▶ Task brief
The whole listing below is to be copied exactly, with every picture left out.

▶ Information supplied
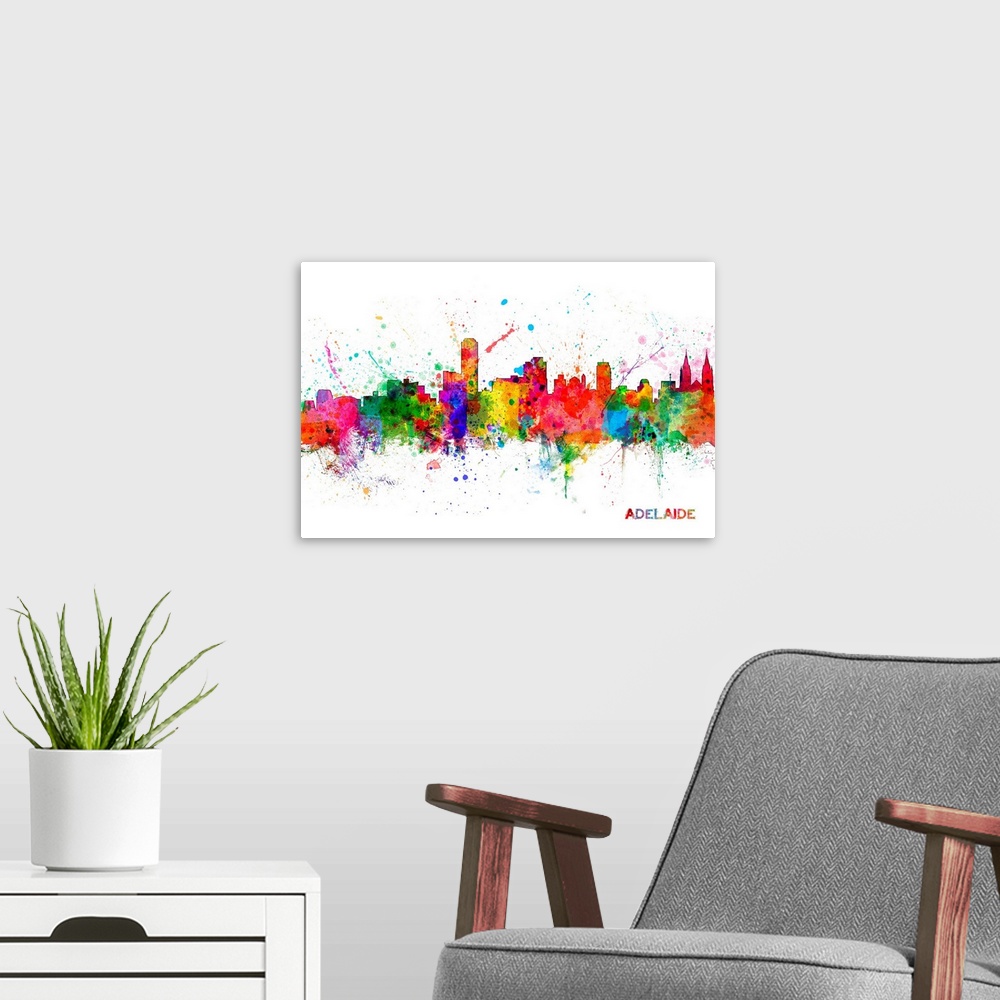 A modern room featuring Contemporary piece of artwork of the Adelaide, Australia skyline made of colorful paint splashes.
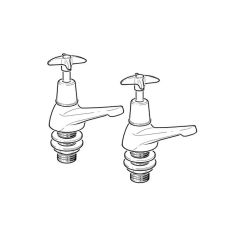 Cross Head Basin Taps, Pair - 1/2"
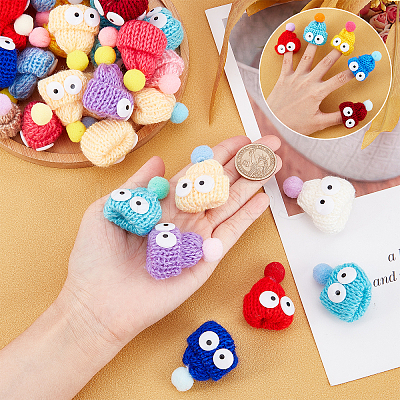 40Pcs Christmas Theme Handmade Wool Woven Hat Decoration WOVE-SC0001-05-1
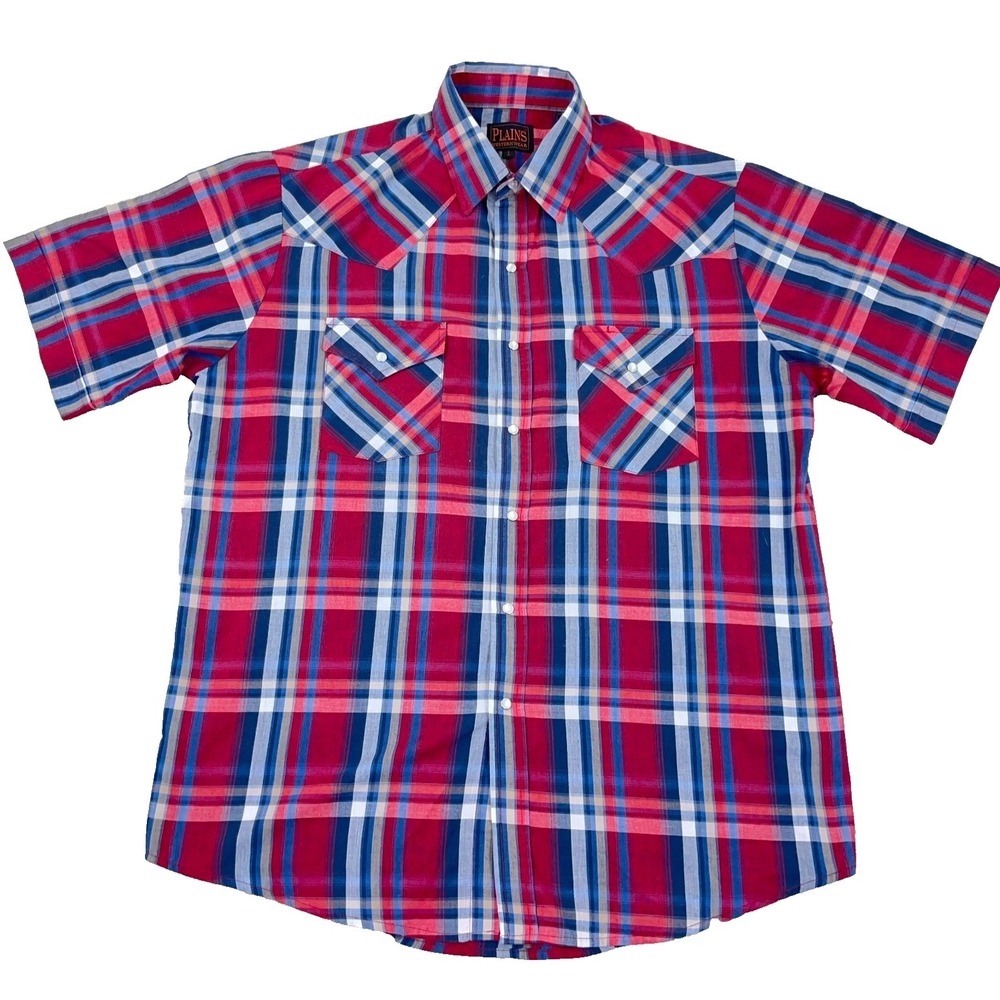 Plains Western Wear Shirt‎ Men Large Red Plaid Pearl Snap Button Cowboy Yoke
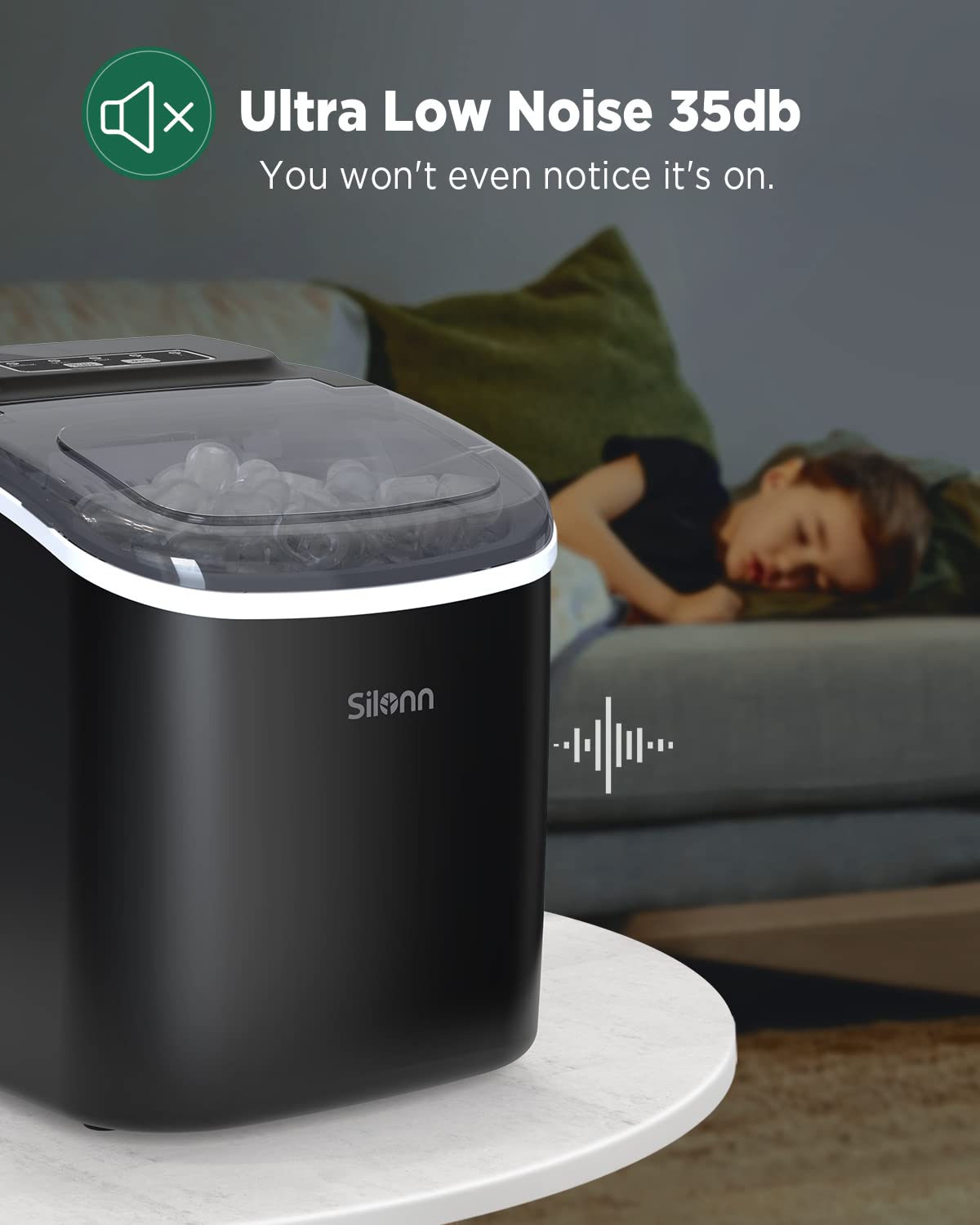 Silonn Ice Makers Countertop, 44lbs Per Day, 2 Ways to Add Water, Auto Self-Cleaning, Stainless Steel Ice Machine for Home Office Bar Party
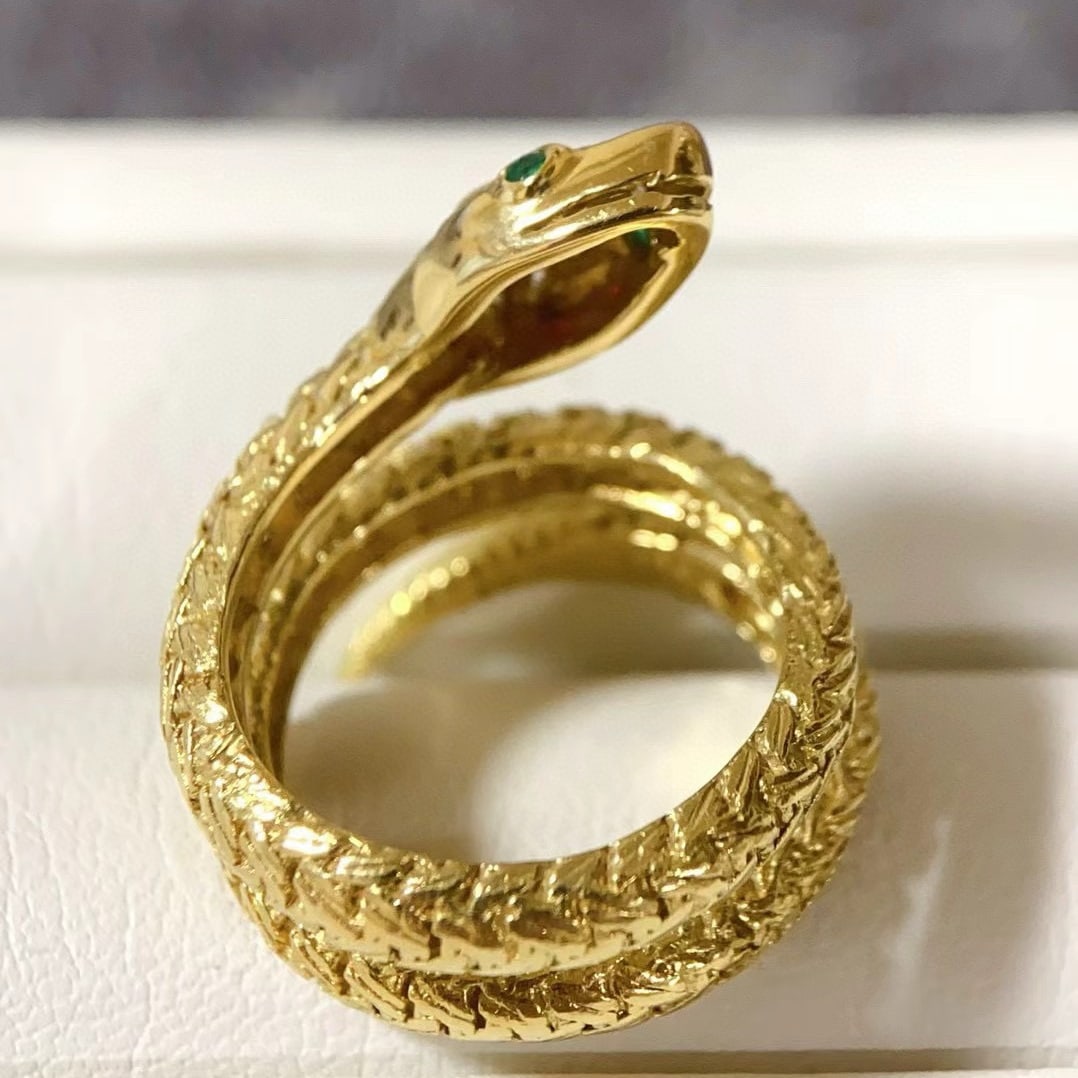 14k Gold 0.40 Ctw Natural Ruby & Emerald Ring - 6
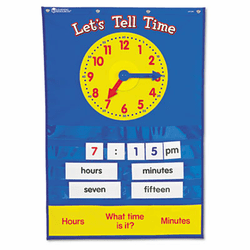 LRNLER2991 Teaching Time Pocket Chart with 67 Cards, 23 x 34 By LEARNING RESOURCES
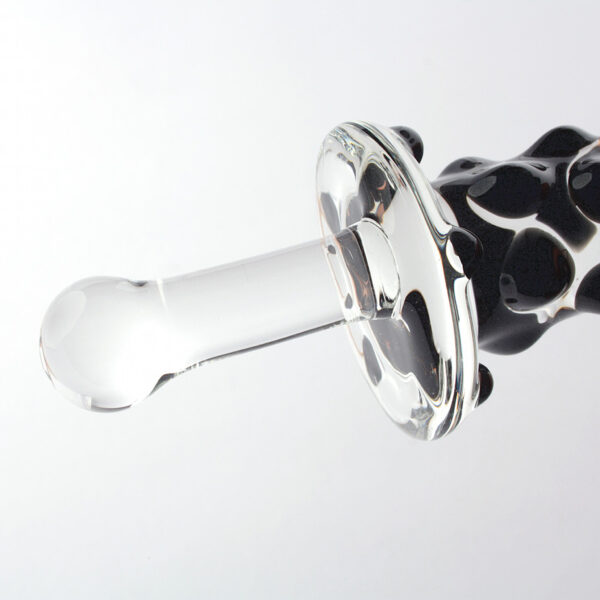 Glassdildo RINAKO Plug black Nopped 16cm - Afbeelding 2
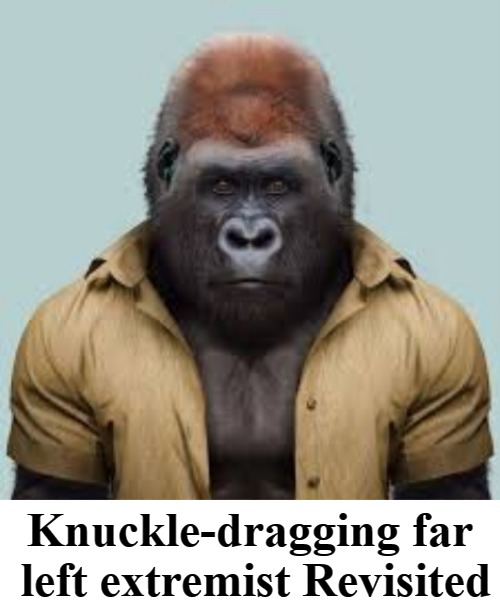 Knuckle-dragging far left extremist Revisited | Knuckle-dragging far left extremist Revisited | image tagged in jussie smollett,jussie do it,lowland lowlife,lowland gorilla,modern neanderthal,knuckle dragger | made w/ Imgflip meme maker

▶ Solution to this exercise
 A modern room featuring Contemporary piece of artwork of the Adelaide, Australia skyline made of colorful paint splashes.
 Cross Head Basin Taps, Pair - 1/2"
 40Pcs Christmas Theme Handmade Wool Woven Hat Decoration WOVE-SC0001-05-1
 Plains Western Wear Shirt‎ Men Large Red Plaid Pearl Snap Button Cowboy Yoke
 Silonn Ice Makers Countertop, 44lbs Per Day, 2 Ways to Add Water, Auto Self-Cleaning, Stainless Steel Ice Machine for Home Office Bar Party
 14k Gold 0.40 Ctw Natural Ruby & Emerald Ring - 6
 LRNLER2991 Teaching Time Pocket Chart with 67 Cards, 23 x 34 By LEARNING RESOURCES
 Glassdildo RINAKO Plug black Nopped 16cm - Afbeelding 2
 Knuckle-dragging far left extremist Revisited | Knuckle-dragging far left extremist Revisited | image tagged in jussie smollett,jussie do it,lowland lowlife,lowland gorilla,modern neanderthal,knuckle dragger | made w/ Imgflip meme maker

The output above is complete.